Collected data:

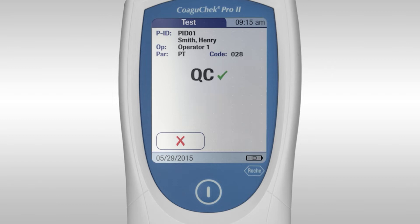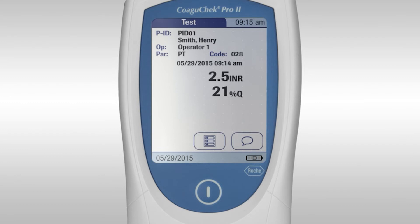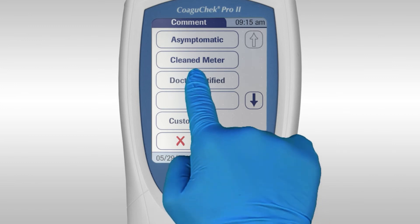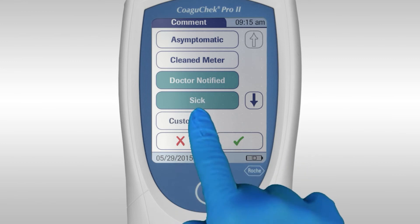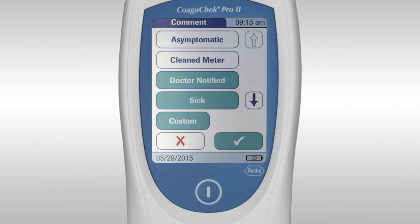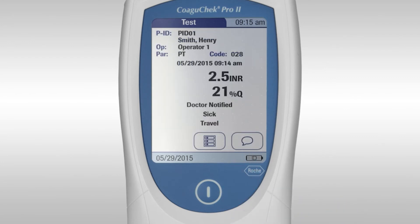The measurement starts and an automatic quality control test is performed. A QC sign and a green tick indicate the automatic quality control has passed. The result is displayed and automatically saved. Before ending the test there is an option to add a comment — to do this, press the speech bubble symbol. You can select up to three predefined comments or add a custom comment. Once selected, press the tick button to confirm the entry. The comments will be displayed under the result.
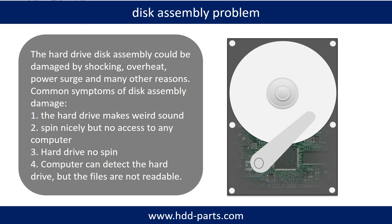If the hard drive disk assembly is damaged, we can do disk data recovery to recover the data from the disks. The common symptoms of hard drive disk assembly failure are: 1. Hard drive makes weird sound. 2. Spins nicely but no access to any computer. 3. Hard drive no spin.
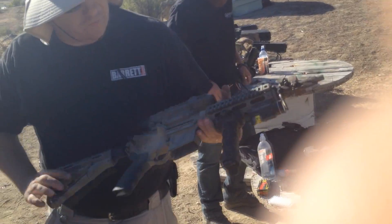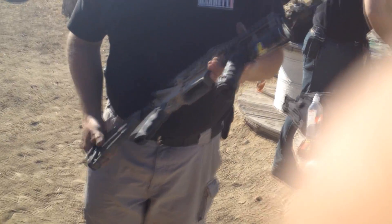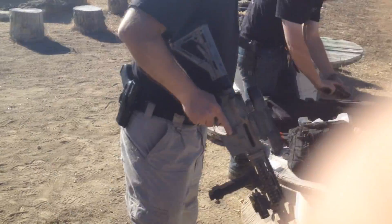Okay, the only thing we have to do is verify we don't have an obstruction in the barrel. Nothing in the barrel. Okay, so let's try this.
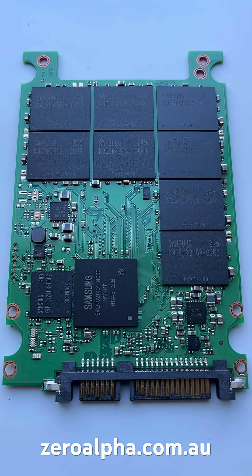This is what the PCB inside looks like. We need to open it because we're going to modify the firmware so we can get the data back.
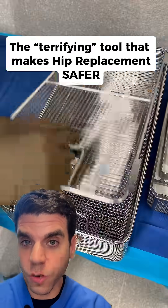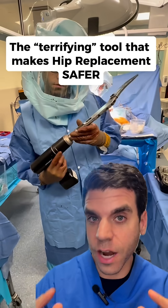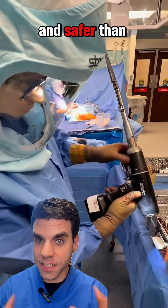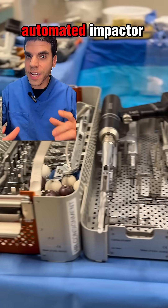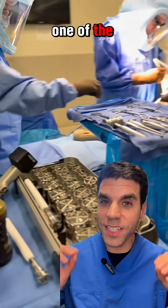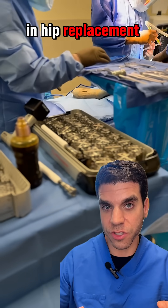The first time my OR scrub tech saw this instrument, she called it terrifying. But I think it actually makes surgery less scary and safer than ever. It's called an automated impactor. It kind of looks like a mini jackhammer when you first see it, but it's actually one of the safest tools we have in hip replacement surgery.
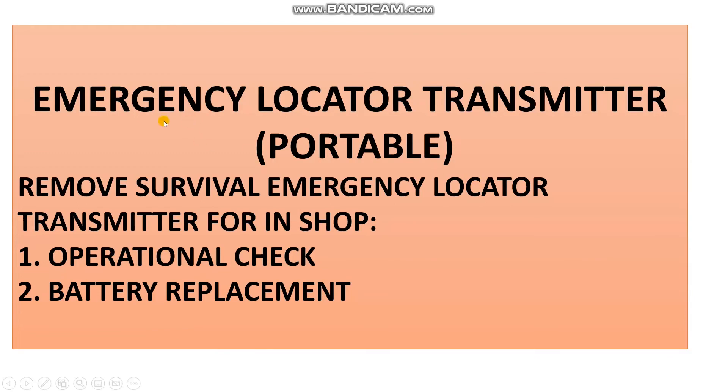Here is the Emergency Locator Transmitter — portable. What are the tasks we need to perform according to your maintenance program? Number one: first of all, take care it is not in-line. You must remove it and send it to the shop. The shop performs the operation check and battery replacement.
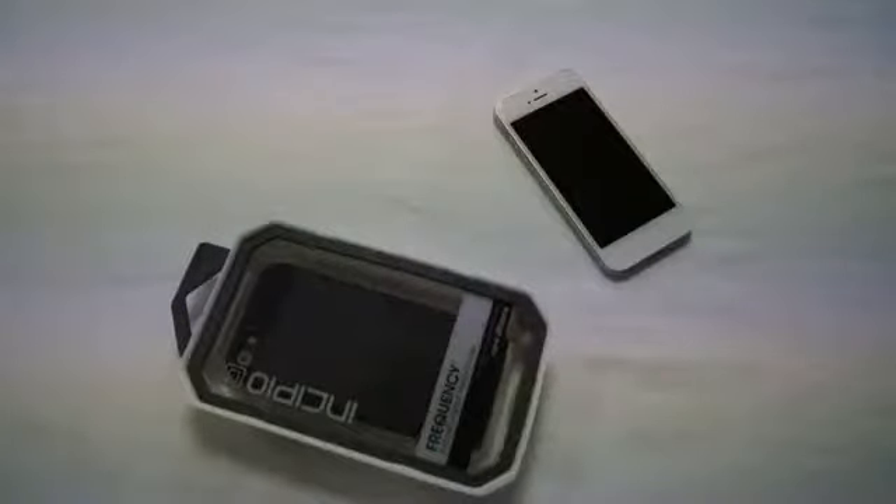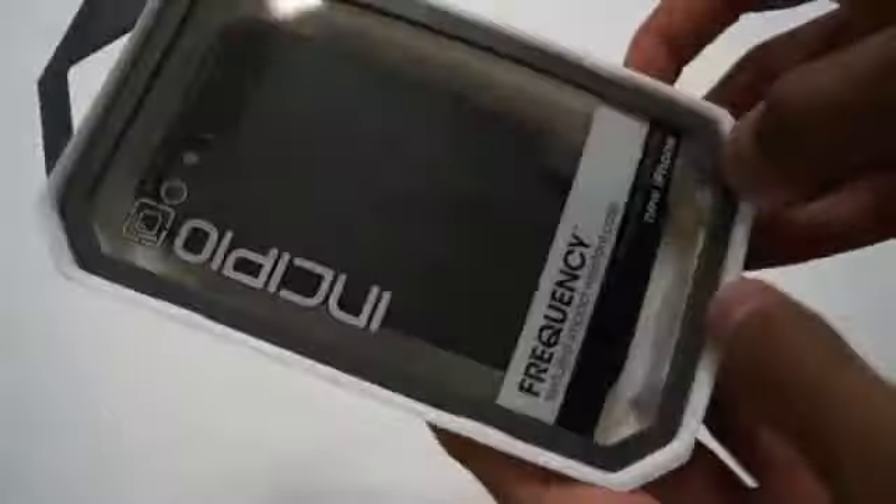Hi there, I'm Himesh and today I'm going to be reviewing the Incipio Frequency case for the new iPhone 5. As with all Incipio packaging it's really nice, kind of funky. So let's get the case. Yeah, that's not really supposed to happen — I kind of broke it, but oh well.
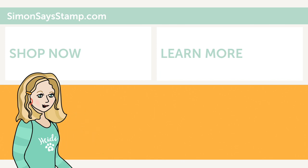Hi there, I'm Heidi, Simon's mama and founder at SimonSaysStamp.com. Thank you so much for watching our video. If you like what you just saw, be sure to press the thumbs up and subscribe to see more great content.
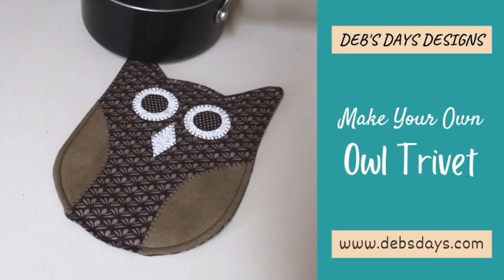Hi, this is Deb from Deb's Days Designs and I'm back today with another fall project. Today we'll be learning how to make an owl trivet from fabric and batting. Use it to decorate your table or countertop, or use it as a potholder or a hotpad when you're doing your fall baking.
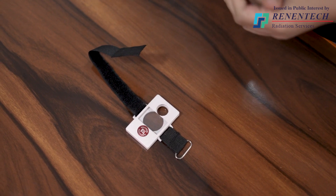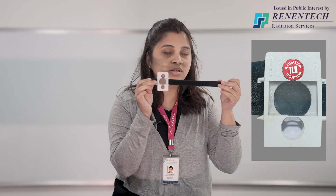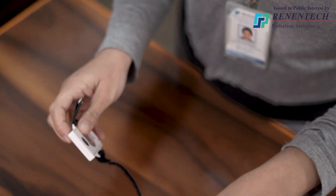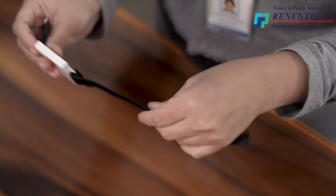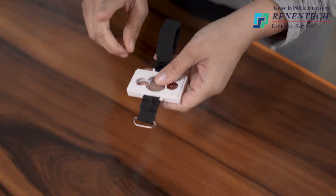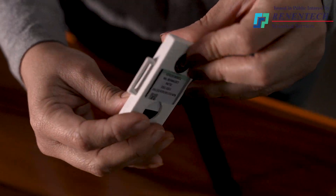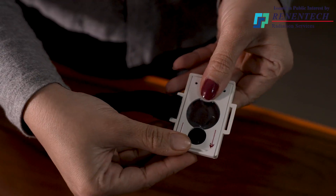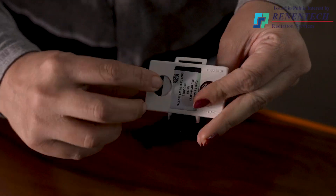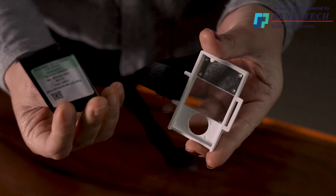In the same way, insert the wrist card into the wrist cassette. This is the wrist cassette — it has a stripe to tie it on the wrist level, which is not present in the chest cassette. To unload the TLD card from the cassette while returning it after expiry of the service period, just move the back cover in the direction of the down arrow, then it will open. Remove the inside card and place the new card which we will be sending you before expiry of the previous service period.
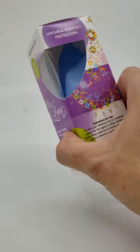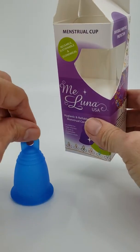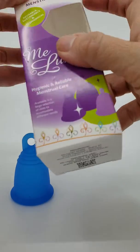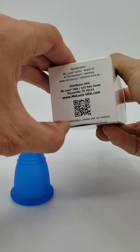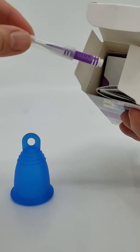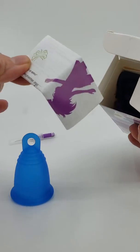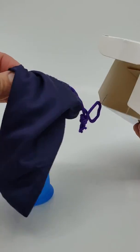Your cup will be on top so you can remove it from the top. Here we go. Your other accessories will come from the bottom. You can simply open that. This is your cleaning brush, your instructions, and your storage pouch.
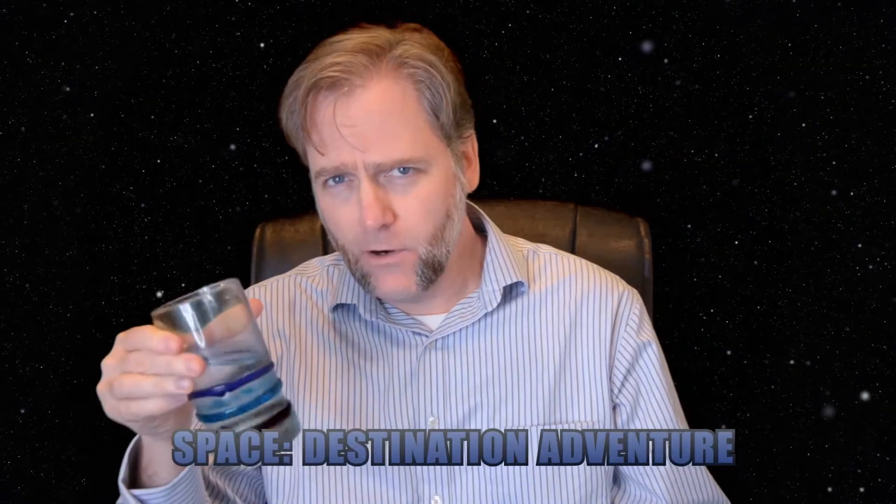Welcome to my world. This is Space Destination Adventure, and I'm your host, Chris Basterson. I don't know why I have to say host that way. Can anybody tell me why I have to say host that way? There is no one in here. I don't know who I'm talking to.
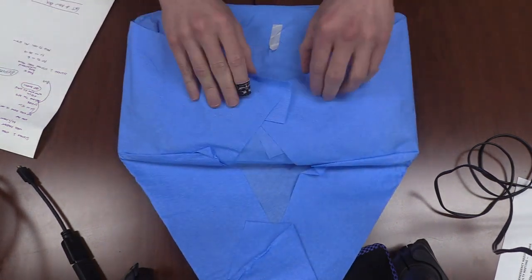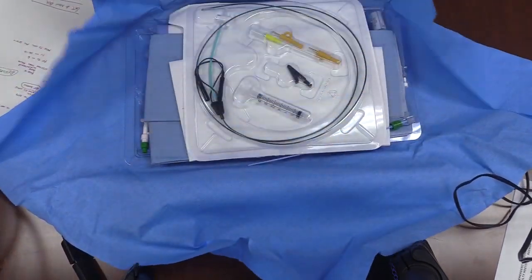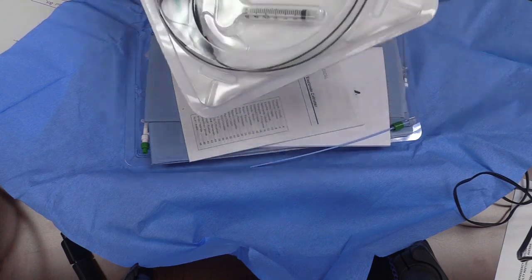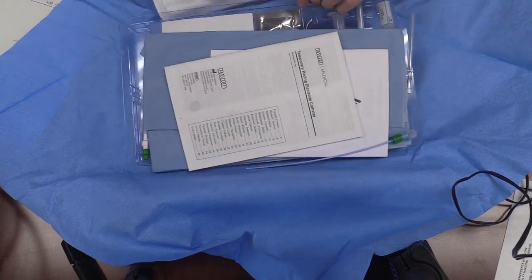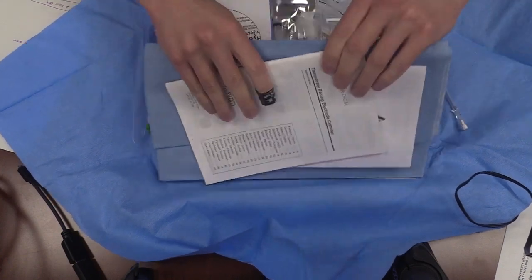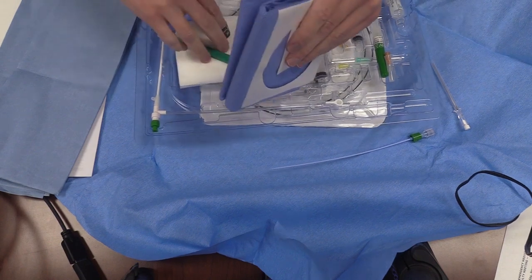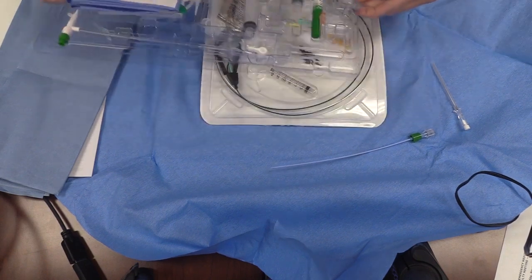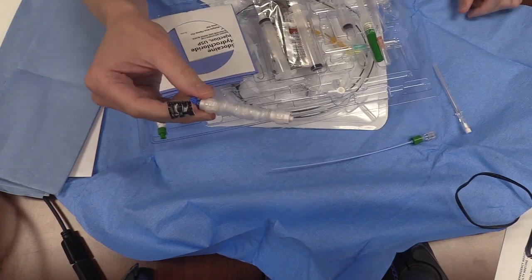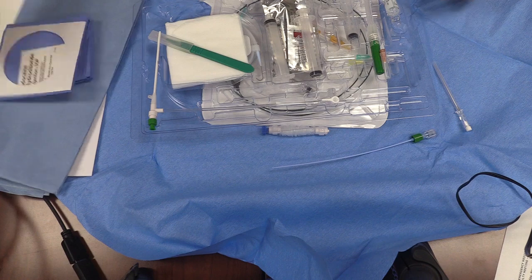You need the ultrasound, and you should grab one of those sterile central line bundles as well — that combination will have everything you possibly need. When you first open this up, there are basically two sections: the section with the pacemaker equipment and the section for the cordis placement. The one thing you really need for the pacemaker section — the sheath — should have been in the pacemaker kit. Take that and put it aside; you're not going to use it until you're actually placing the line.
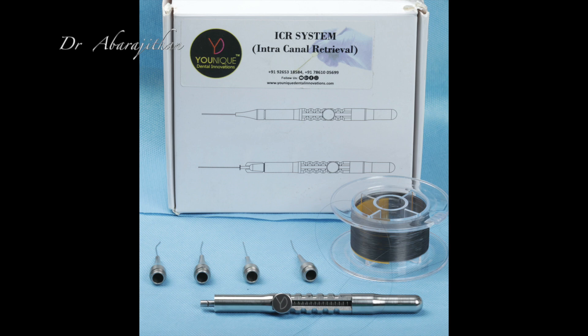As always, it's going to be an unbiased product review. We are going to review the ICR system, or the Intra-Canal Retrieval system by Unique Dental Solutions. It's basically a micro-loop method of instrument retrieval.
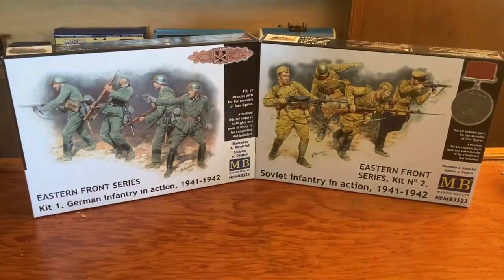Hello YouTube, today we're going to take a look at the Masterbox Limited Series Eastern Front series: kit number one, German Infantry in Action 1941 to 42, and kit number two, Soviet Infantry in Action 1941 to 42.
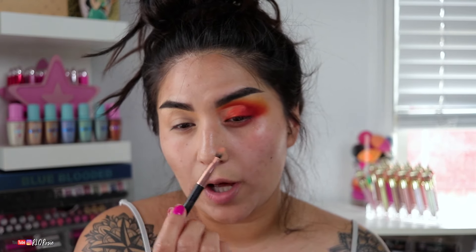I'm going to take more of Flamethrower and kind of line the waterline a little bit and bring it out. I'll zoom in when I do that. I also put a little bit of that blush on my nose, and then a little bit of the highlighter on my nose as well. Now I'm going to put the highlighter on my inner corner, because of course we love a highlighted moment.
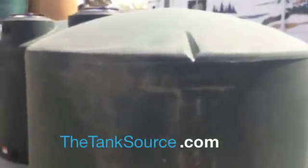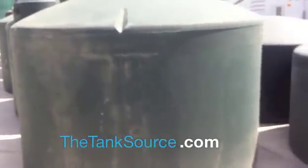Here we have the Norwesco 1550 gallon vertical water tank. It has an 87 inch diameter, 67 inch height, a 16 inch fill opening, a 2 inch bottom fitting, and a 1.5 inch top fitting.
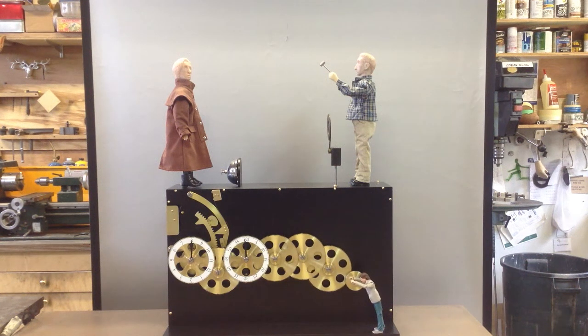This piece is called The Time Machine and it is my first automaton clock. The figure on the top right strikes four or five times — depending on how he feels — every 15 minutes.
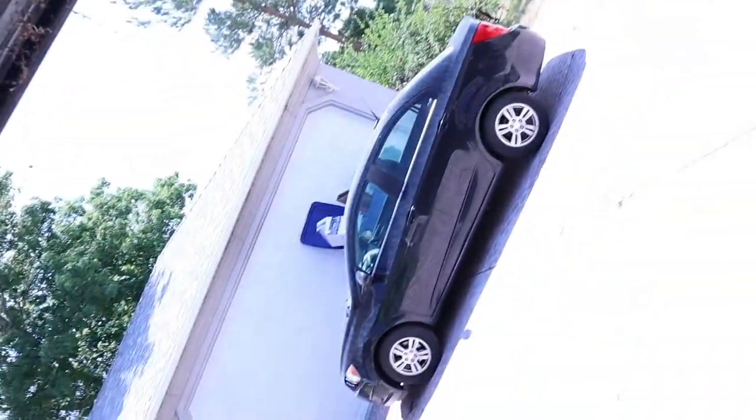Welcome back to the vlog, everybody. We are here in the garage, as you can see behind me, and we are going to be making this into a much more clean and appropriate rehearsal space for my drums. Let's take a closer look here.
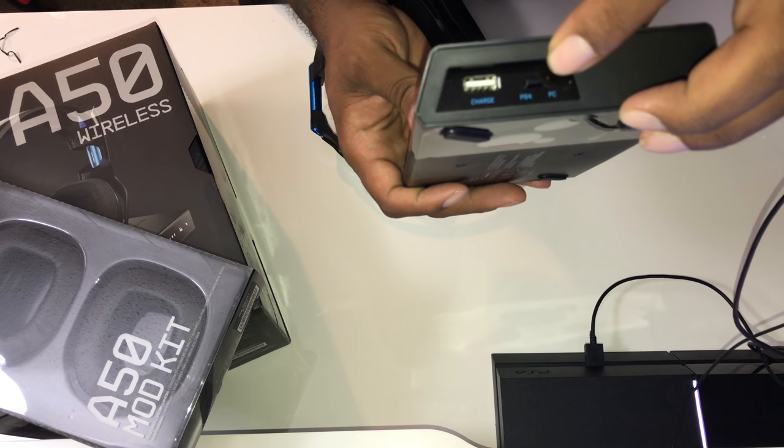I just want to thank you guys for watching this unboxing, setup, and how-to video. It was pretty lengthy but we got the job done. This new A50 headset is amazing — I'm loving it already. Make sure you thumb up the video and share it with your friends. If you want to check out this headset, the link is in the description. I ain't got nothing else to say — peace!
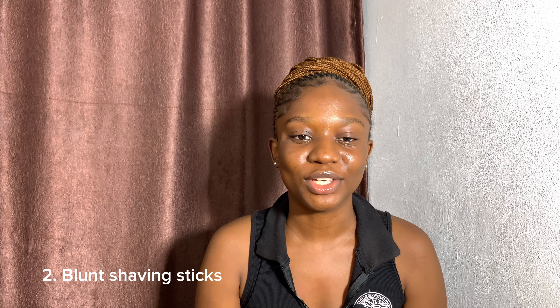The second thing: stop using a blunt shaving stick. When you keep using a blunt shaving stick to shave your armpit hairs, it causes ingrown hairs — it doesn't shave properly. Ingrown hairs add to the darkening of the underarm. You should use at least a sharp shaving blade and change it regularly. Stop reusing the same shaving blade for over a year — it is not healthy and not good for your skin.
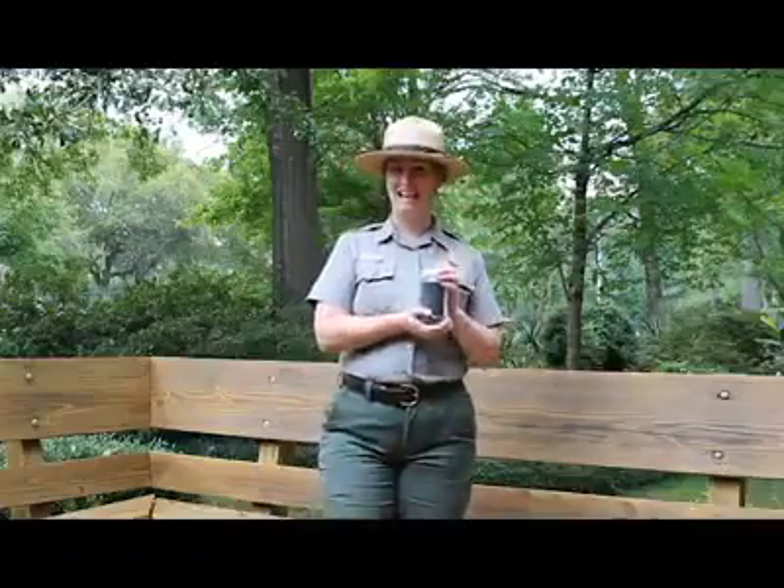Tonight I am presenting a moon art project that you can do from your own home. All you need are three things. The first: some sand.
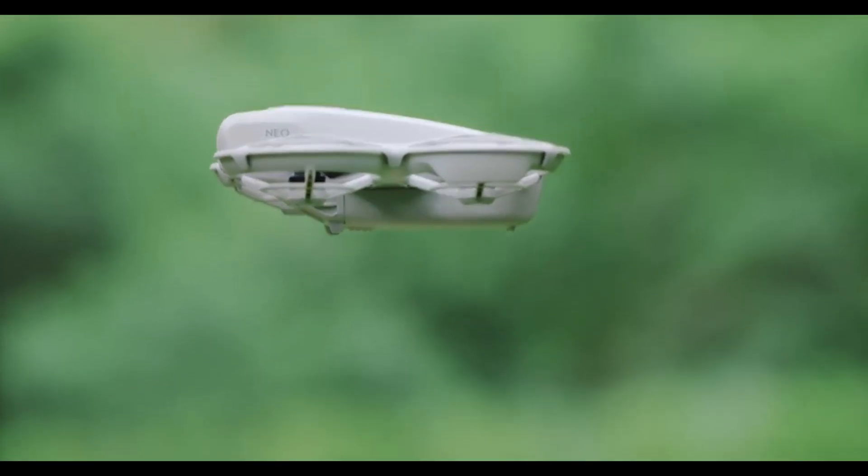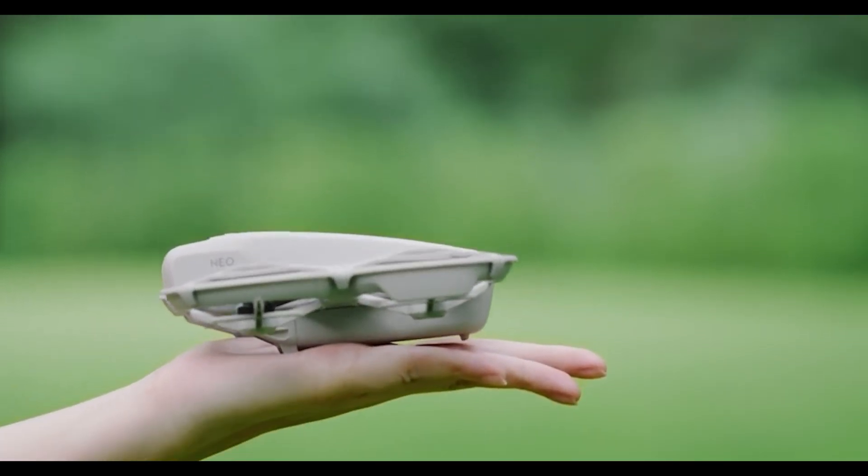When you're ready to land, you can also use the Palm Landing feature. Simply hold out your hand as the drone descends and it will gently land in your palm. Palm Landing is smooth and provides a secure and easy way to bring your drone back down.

### Exercise instructions
Would you copy the lines above exactly, starting with the one that has "Hi there, I'm Heidi, Simon's" and ending with the one that has "In the same", both included, without the pictures?

### Exercise answer
Hi there, I'm Heidi, Simon's mama and founder at SimonSaysStamp.com. Thank you so much for watching our video. If you like what you just saw, be sure to press the thumbs up and subscribe to see more great content.
Hi, this is Deb from Deb's Days Designs and I'm back today with another fall project. Today we'll be learning how to make an owl trivet from fabric and batting. Use it to decorate your table or countertop, or use it as a potholder or a hotpad when you're doing your fall baking.
In the same way, insert the wrist card into the wrist cassette. This is the wrist cassette — it has a stripe to tie it on the wrist level, which is not present in the chest cassette. To unload the TLD card from the cassette while returning it after expiry of the service period, just move the back cover in the direction of the down arrow, then it will open. Remove the inside card and place the new card which we will be sending you before expiry of the previous service period.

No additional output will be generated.